From your leather armchair you watch the snow fall gently outside. You can hear the wind gust and shake the windows as you take a sip of peated whisky. The flame is dying; you lay another birch log onto the fire and watch the smoke dance lazily up the chimney toward the winter sky.
Frankly I found Fumidus off putting. It smelled harsh and aggressive to me. I found the onslaught hard to modulate, and it had all the warmth and serenity of burning ash cinders still hissing and alight. I couldn't imagine any situation in which I would wear this. I really like vetiver fragrances, and earthy-roots vetivers are great. But this is not a combination of ingredients including vetiver that would pay money to own. It is even more amazing to me that it is offered as a unisex fragrance. This is something a woman would wear? With what? To what occasion? I don't think this is very nice at all.
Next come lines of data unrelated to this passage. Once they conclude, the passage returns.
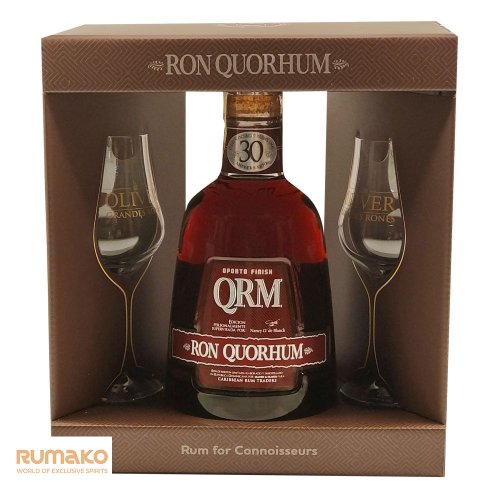 Quorhum 30 Oporto Finish 40% 0,7l v dárkovém boxu se 2 skleničkami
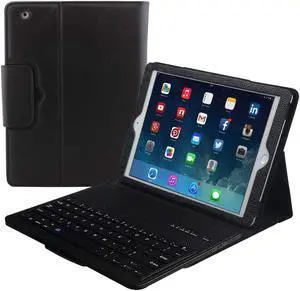 eoso Keyboard Case for Apple iPad 4th Gen 2012, iPad 3rd Gen 2012, iPad 2 2011 Folding Leather Folio Cover with Removable Bluetooth Keyboard for (Old Model) iPad 2/3/4 (Black)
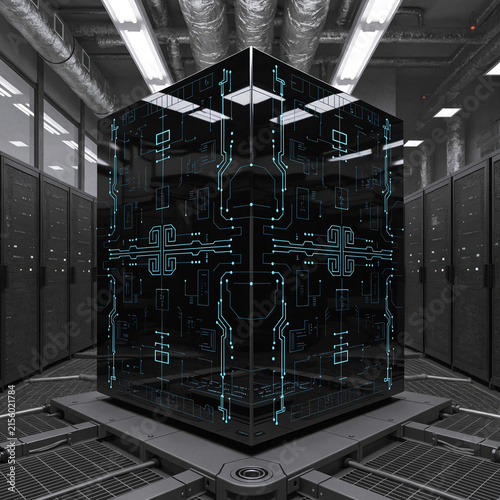 A solid obsidian-black cube engraved with glowing cyan circuits, acting as an impenetrable data vault in a server room.  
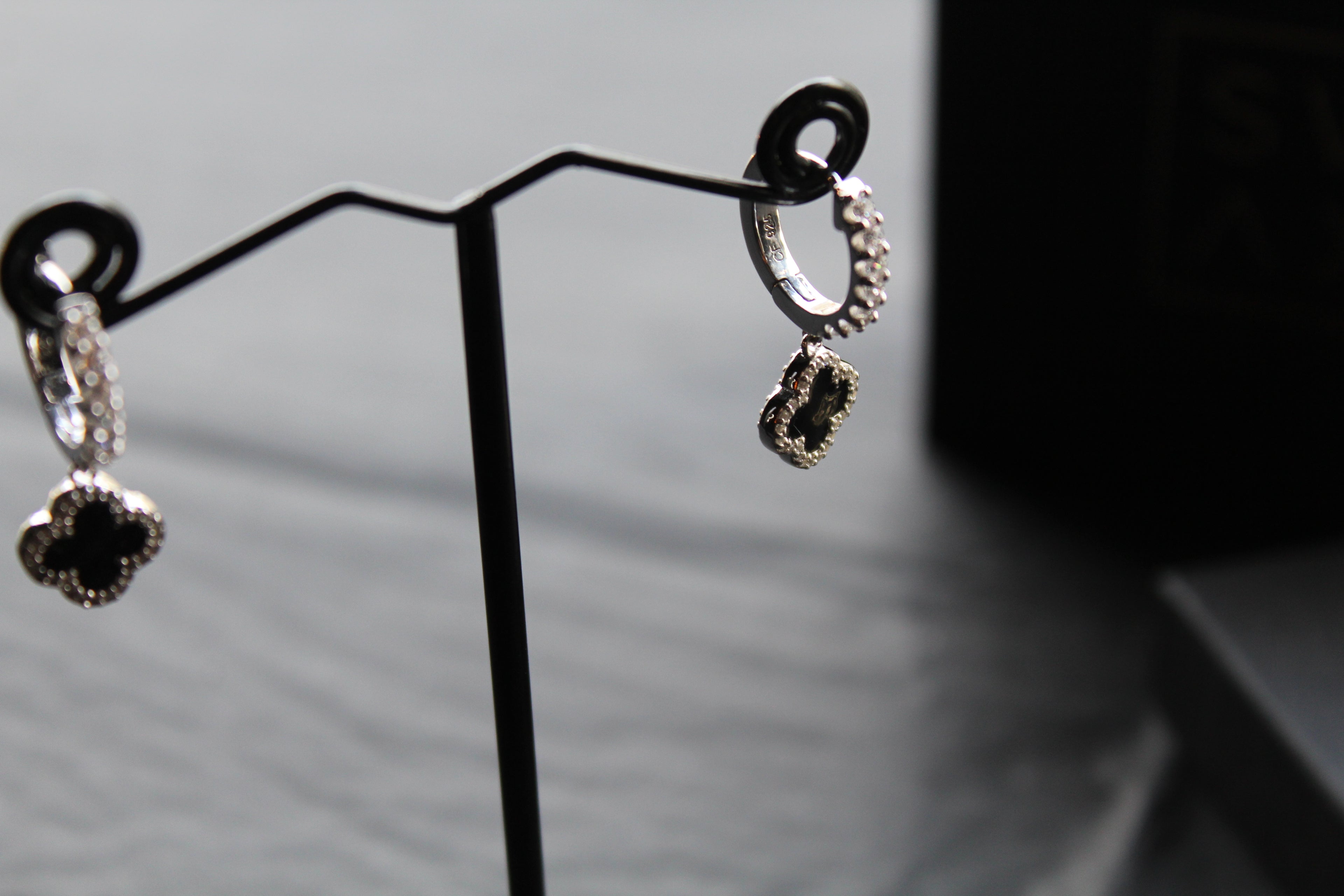 Silver & Black Enamel Vintage Flower Huggies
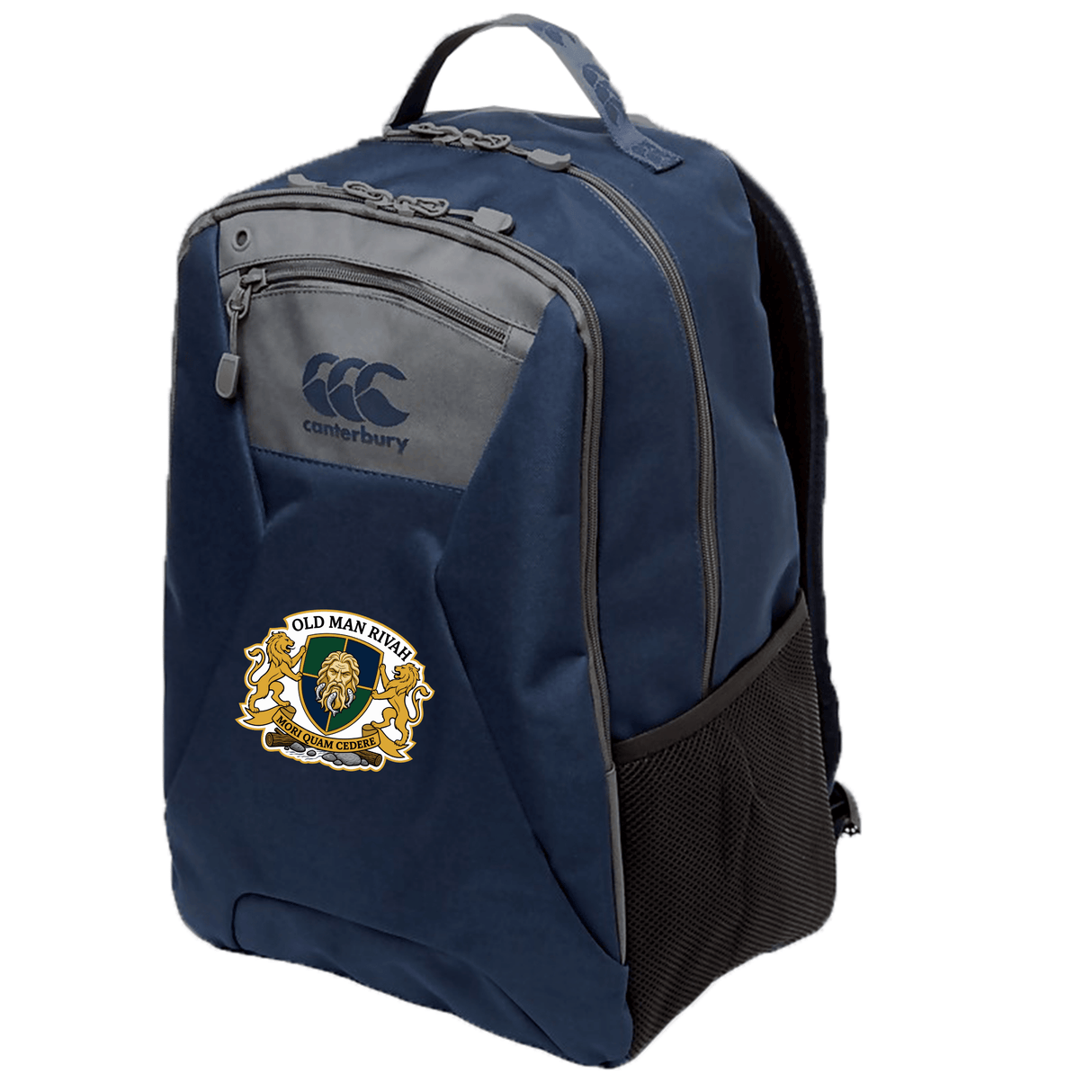 The Old Man Rivah Rugby Medium Backpack by EMB Canterbury is navy blue, with a zippered front pocket, mesh side pocket, padded laptop pocket, and features the club crest on the front.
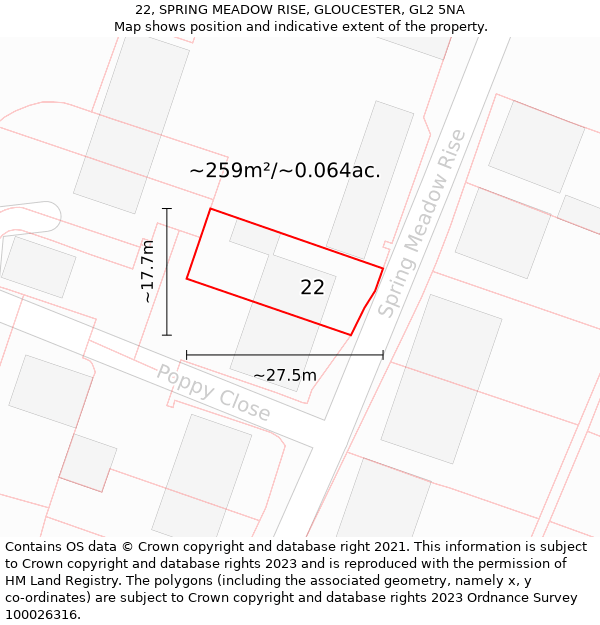 22, SPRING MEADOW RISE, GLOUCESTER, GL2 5NA: Plot and title map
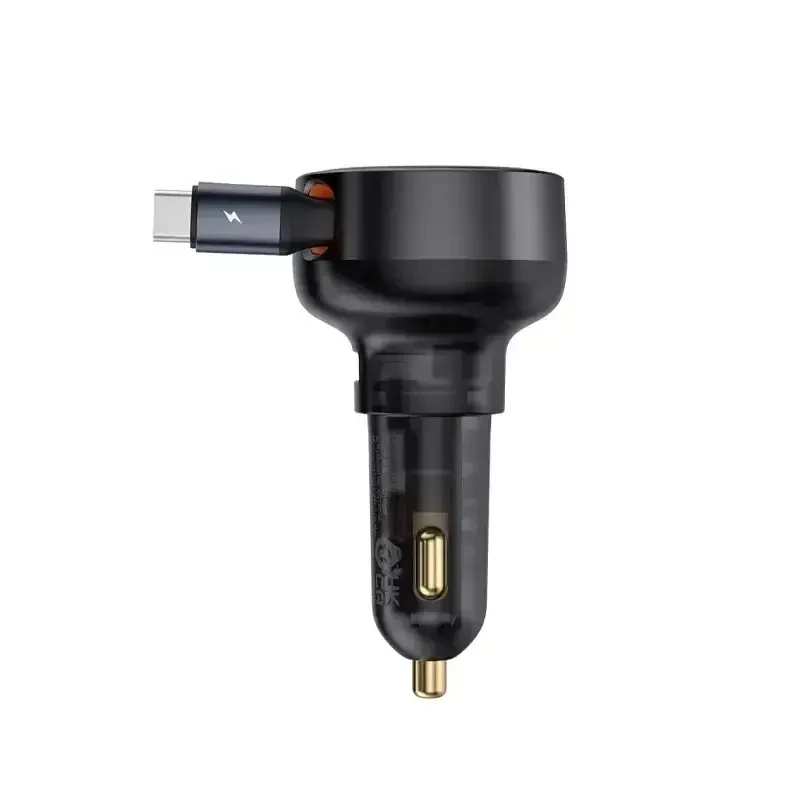 شارژر فندکی باسئوس مدل Enjoyment Pro Car Charger U+Retractable Type-C توان 60 وات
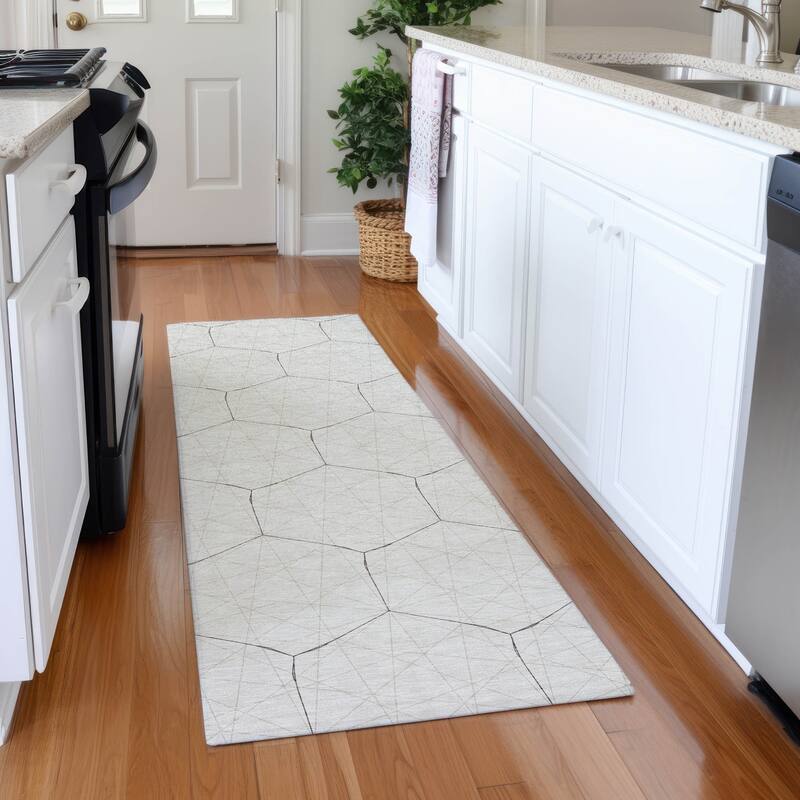 Premium Washable Super Soft Modern Contemporary Mayfield Rug - Ivory - 2'3" x 7'6"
It smells like plain Haitian vetiver to me, not convinced about either the birch bark or the scotch whisky. The price is excessive for a solution of vetiver oil, even if of good quality, but I have given it a thumbs up as I like vetiver.
Update: As an experiment I compared it side by side with a sample of Vetiver Haiti supplied to me 35 years ago by Firmenich, so nicely aged. The two were difficult to tell apart but I had a slight preference for the Fumidus, which was just a shade fuller and richer. A minor difference, but worth it to some people no doubt.
To quote from the marketing hype:
"Fumidus means smoky, and smoky it is. The smokiness of aged Laphroaig scotch served neat, It is also earthy the earthiness of rich, freshly tilled land surrounded by uncut forest. Deep and magnetic and commanding, this blend of rich peat, grassy vetiver and brisk birch conjures up a vast estate and its moody young lord making his way through the fog on an unruly stallion. It's outdoorsy, but in a way that makes it clear that you don't just work in the forest, you own that forest yourself, along with a good bit of grassland and quite possibly a castle."
Imaginative stuff, but it still smells like bog standard vetiver oil to me.
There's a sense in which Profumum Fumidus is loyal to its name, as it's pretty smoky, but I do wonder what was being burned to create the smoke, since it's an unusually synthetic / animalic way of creating a burnt smell.
Vetiver, birch, and whiskey seem like they should be able to be harmonious, so I have to wonder if there are other unseen notes or if I just have a bad bitch, as the mix doesn't seem to be a logical realization of the other notes. I get mainly a very dirty vetiver, borderline animalic rather than earthy. It's as if Imaginary Authors' A City on Fire was attempted but took an odd turn away from spicy fire and toward burning garbage, as another reviewer puts it.
Not totally abhorrent, just an odd smell that I have a tough time imagine I'd want to wear again, Fumidus, if you like it, at least has Profumum's signature powerful performance, but it's simply not a scent for me.
Huh...if you've ever wanted to smell like burned garbage, put some Fumidus on. The opening notes smell like melted plastic and other bits of trash that have been lit on fire. To be fair, there is a woodiness going on underneath all of that and it brings a very faint smell that is better. Okay, five minutes in and this fragrance is evolving quickly into something nicer. There's now an edge of the unpleasant burned smell, but it's more on the fringes. The main notes that are coming out are the woods and a sweeter accord. Smells much better than the initial scent. Now I'm about three hours in and the scent has evolved further. There's a sour hay smell that's crept into the equation. It almost smells like oak. It's definitely not as sour and pungent as Luten's Chene, but it's brought my enjoyment level down a couple of notches. This is definitely a strange alchemy and seems like a fragrance that people will love or hate. I would be leaning towards the hate end, but there was a period of time during the wear that I enjoyed it, so a neutral rating for me. The longevity was okay...about 5 hours. Sillage was less though at about 3.5 hours.
Despite its name which may sound dark and threatening, Fumidus is actually nothing more than a really mild and mannered salty-smoky vetiver scent. It belongs to the raw & earthy vetivers family together with Etro Vetiver and Althunis by Sigilli, still smelling somehow duller than both or better say, with a slight synthetic-cheap rubber aftertaste that ruins a bit the wild magic for me. And overall less feral & wild than it may seem at first. Nonetheless it's a sure must for all raw vetiver fans; it's salty, smoky, obviously woody with a burnt shade, quite dry and also slightly grassy. The smokiness here comes both from vetiver and from something which I guess may be a leather accord (guess it's the birch note though). Nice, long-lasting and fascinating, but there's way better for this genre and the price doesn't help.